Re: methods based on cycle proof conditions
Abd ul-Rahman Lomax <abd <at> lomaxdesign.com>
2010-06-03 20:28:30 GMT
At 02:54 PM 6/3/2010, Chris Benham wrote:
> Forest Simmons wrote (1 June 2010):
>I. BDR or "Bucklin Done Right:"
> >Use 4 levels, say, zero through three. First eliminate all
> candidates defeated
> >pairwise with a defeat ratio of 3 to 1. Then collapse the top two
> levels, and
> >eliminate all candidates that suffer a defeat ratio of 2 to 1. If any
> >candidates are left, among these elect the one with the greatest number of
> >positive ratings.
>This seems to be even more Approvalish than normal Bucklin.
>65: A3, B2
>35: B3, A0
>(I assume that zero indicates least preferred)
>Forest's "BDR" method elects A, failing Majority Favourite.

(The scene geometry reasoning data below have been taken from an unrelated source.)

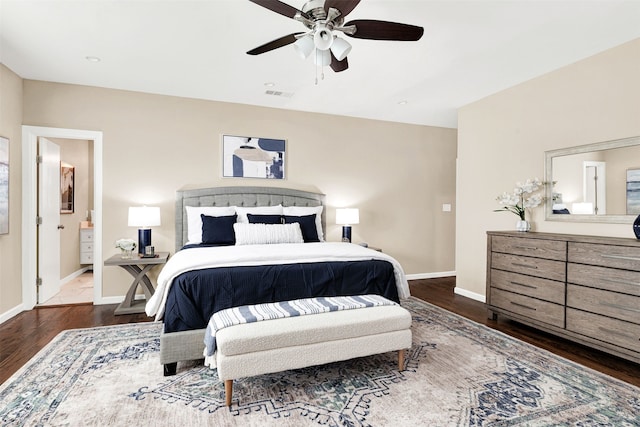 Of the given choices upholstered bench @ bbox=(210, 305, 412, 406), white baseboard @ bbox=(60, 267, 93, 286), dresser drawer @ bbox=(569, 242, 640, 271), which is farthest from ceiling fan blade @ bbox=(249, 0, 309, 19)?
white baseboard @ bbox=(60, 267, 93, 286)

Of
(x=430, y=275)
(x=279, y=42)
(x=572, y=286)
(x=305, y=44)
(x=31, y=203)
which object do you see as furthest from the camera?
(x=430, y=275)

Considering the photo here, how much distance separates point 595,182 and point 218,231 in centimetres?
383

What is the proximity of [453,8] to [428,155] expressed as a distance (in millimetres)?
3496

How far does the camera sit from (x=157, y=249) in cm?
442

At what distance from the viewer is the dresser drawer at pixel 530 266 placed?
10.1 ft

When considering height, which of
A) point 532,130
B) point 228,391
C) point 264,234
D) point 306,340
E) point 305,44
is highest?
point 305,44

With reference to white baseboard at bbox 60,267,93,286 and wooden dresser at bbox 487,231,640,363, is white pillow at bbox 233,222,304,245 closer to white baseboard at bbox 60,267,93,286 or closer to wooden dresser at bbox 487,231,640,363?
wooden dresser at bbox 487,231,640,363

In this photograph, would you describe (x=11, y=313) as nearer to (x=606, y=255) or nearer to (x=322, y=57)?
(x=322, y=57)

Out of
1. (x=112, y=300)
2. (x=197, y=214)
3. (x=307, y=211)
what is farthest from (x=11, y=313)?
(x=307, y=211)

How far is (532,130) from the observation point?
3812 millimetres

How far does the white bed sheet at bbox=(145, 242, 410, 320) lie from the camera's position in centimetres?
251

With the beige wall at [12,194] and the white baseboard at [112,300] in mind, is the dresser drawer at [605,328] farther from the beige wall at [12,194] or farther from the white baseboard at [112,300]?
the beige wall at [12,194]

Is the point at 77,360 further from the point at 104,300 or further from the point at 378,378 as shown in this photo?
the point at 378,378

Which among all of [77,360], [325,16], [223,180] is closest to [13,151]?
[223,180] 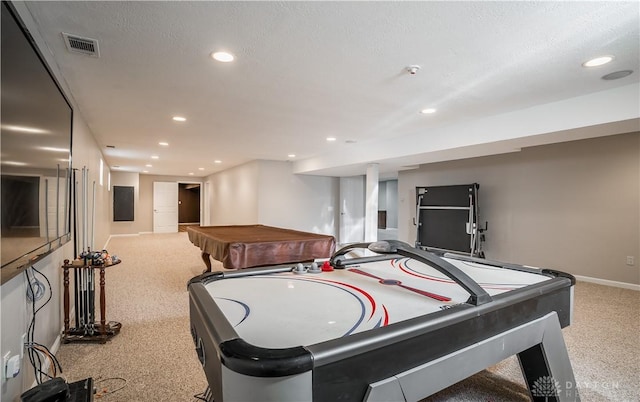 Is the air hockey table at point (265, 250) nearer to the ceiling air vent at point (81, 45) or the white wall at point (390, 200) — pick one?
the ceiling air vent at point (81, 45)

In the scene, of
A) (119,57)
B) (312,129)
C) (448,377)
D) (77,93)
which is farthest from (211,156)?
(448,377)

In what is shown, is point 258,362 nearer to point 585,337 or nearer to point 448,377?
point 448,377

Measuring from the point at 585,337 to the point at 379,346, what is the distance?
109 inches

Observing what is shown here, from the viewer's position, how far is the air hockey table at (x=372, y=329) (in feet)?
2.85

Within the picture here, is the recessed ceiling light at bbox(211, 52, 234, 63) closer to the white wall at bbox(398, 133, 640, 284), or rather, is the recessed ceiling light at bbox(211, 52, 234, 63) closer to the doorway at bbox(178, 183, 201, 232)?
the white wall at bbox(398, 133, 640, 284)

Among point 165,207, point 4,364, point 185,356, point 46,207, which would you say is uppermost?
point 46,207

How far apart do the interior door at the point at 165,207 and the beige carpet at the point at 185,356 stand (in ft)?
25.8

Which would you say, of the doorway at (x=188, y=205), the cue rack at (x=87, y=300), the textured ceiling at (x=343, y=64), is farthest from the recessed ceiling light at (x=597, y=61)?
the doorway at (x=188, y=205)

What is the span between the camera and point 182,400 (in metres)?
1.82

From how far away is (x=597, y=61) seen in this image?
234 cm

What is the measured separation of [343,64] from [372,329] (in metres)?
2.00

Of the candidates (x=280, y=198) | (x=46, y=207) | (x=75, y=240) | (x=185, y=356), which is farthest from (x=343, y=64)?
(x=280, y=198)

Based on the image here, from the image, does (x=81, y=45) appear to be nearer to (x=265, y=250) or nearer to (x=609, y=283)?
(x=265, y=250)

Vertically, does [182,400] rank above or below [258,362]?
below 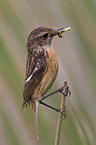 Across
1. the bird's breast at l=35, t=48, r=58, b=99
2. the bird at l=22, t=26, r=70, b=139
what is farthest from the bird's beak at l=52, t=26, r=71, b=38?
the bird's breast at l=35, t=48, r=58, b=99

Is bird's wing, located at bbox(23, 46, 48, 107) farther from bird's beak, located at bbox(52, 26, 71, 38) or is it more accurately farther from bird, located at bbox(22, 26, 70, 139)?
bird's beak, located at bbox(52, 26, 71, 38)

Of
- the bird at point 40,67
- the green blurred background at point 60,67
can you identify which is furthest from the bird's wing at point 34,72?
the green blurred background at point 60,67

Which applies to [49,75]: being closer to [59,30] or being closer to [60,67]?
[60,67]

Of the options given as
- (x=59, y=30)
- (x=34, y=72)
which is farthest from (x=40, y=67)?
(x=59, y=30)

As will any method which optimizes expressed utility, assuming that
these numbers are a rough expression of utility. Because they can be
some kind of artifact, I would suggest that a vote like this calls
for a runoff.
Note, in Bucklin, those approvals would be spread, and, of course, A
wins in the first round. In real elections, though, with numbers like
this, and no interfering candidate, if the 65 actually do rate B with
a 2, they are expressing that they don't much care, so the election
can legitimately be decided by the voters who do care. This is normal
democratic practice! If a runoff where held with these primary
numbers, I would expect low turnout and B wins by a landslide.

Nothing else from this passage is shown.